-- AIM OF THE TASK --
With pictures omitted, copy exactly every line from the one that contains "HYUNDAI ELANTRA SE 2018 5npd84lf3jh241105" to the end of the listing below.

** Opening PROVIDED MATERIAL block **

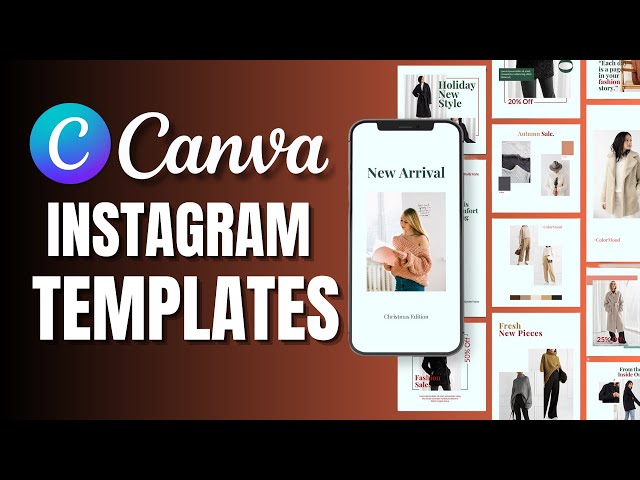 How To Create Stylish Instagram Post In Canva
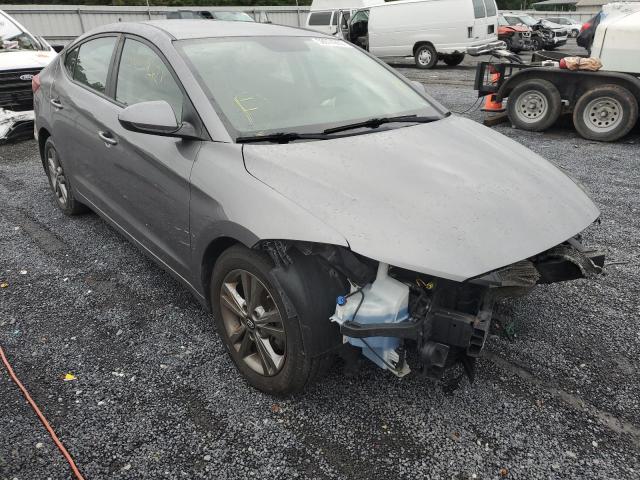 HYUNDAI ELANTRA SE 2018 5npd84lf3jh241105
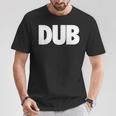 Dub Reggae Music ビニールレコード カーニバルフェスティバル ギフト Tシャツ 面白い贈り物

** Closing PROVIDED MATERIAL block **

-- YOUR SOLUTION --
 HYUNDAI ELANTRA SE 2018 5npd84lf3jh241105
 Dub Reggae Music ビニールレコード カーニバルフェスティバル ギフト Tシャツ 面白い贈り物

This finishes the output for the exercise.